Captioned web images:
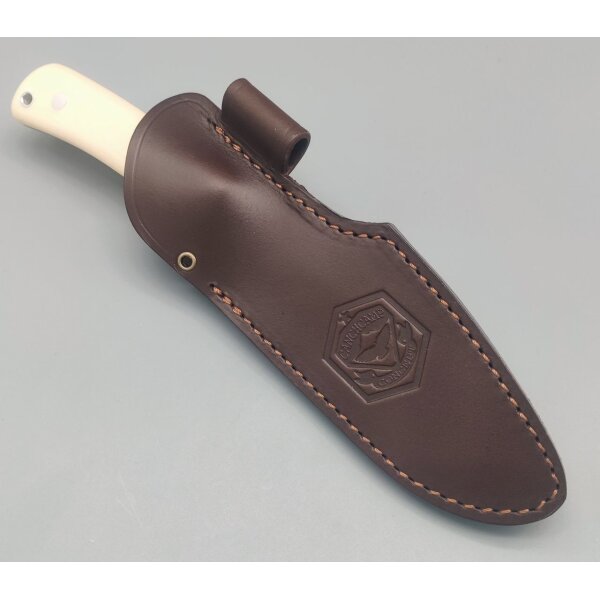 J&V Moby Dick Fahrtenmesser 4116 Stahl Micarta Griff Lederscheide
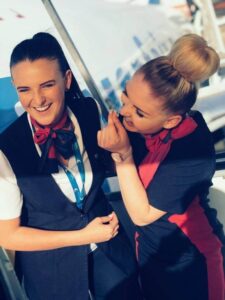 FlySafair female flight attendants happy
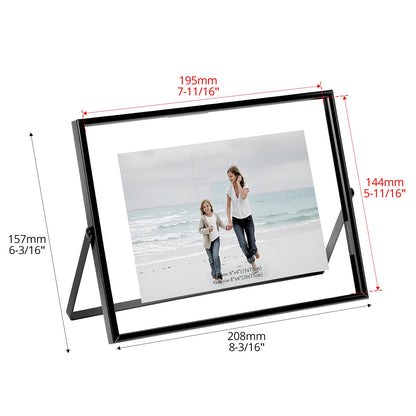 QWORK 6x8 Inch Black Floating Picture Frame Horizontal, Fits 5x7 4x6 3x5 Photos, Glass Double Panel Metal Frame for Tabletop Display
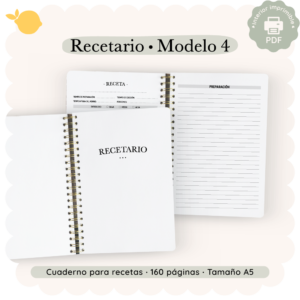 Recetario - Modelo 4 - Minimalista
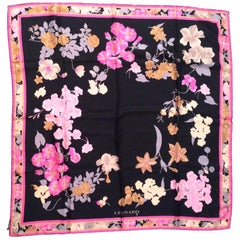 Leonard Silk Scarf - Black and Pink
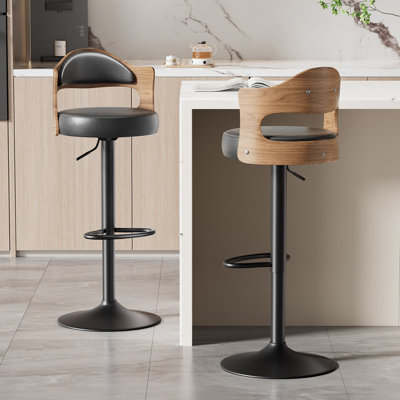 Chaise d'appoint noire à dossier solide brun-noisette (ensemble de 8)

Your task: Set down word for word every line from the line containing "Leonard Silk Scarf - Black and Pink" through the last line of the entries, and nothing more; no pictures.

Result:
 Leonard Silk Scarf - Black and Pink
 Chaise d'appoint noire à dossier solide brun-noisette (ensemble de 8)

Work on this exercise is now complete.